Comments from the floor were limited. Trainer Bob DeSensi, who made a presentation on behalf of the Kentucky HBPA, said the KHRA would be better served focusing on testing for "exotic" drugs and taking a stand against substances such as anabolic steroids. He said the health and welfare of the horse should be the only consideration.

"To change for change's sake will do more to harm the industry that a shot of Bute on race day will ever do," DeSensi said.

The Kentucky HBPA has taken the position that therapeutic medications should be used until scientific evidence suggests otherwise. That position is directly at odds with that of the national consortium, which believes medications shouldn't be used until scientific research says otherwise.

The consortium, in an apparent compromise, hasn't blackballed adjunct bleeder medications for race-day use even though research into their efficacy continues. One of three adjunct bleeder medications will be permitted on race day through at least 2006.
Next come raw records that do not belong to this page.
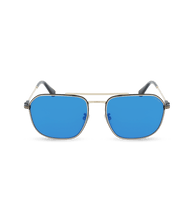 Load image into Gallery viewer, SPLF64 57300B_01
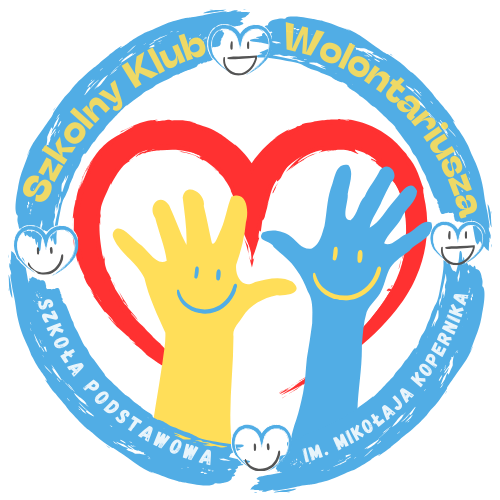 logo_skw.png [500x500]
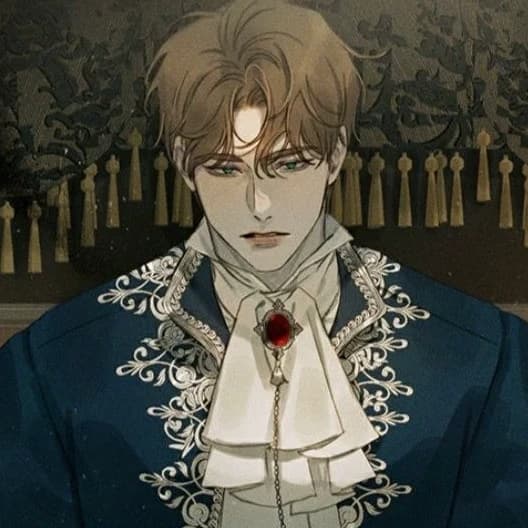 Thumbnail of Эндрю Ллойд — БЛ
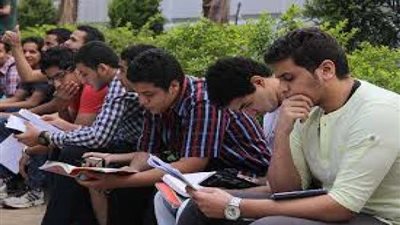 قواعد جديدة من المحكمة الإدارية لمحاربة الدروس الخصوصية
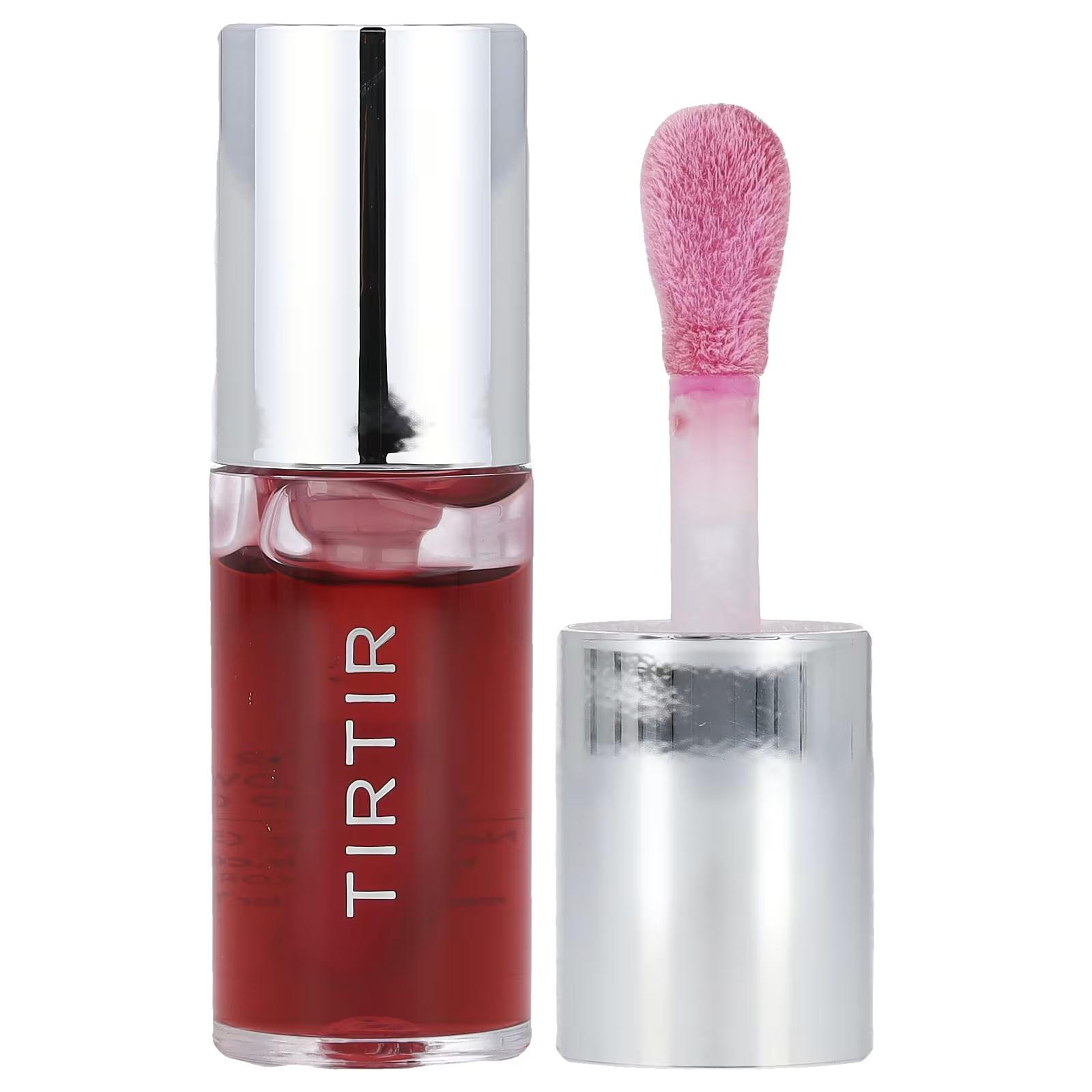 My Glow Rosy Lip Oil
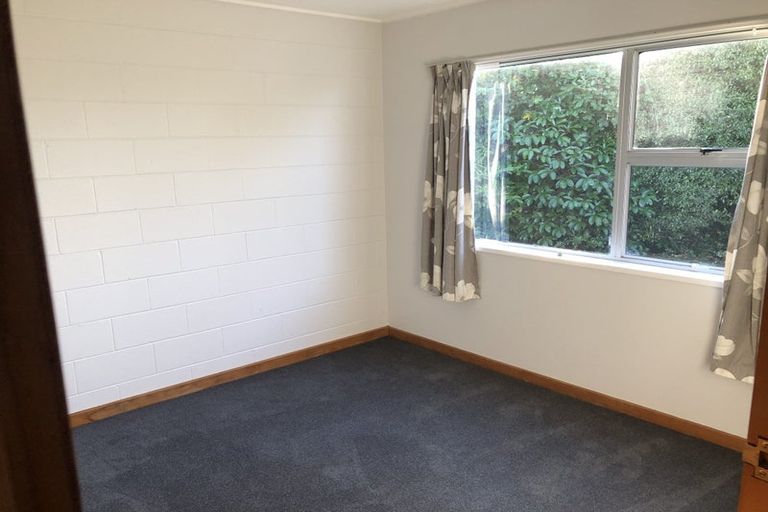 Photo of property in 135a Chapman Street, Wakari, Dunedin, 9010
Dr. John Piehowicz, a racetrack veterinarian who practices at Turfway Park, advocated continued use of therapeutic medications for the health of the racehorse. He said he has administered about 20,000 shots of Banamine, which is an NSAID, over 10 years and has had only 16 breakdowns that led to euthanasia.

"Whose policy is really based on scientific evidence for the best interests of the horse?" Piehowicz asked the racing authority.

Trainer John Ward, a member of the drug council and the national consortium, urged the KHRA to adopt the model policy to create uniformity for trainers and the betting public.

"Our industry needs to become unified and increase integrity," Ward said.

Kentucky HBPA president Susan Bunning said she was disappointed the KHRA took action without first pursuing research on use of race-day therapeutic medications. She also said she was pleased with the large turnout of trainers and vets who support the current policy.

"I don't think that was recognized by the authority," Bunning said.

The KHRA also approved rules for "milkshake," or TCO2 testing. Like the model medication policy, the milkshake rules will go through the legislative approval process, but Keeneland already has indicated interest in starting some milkshake testing this spring.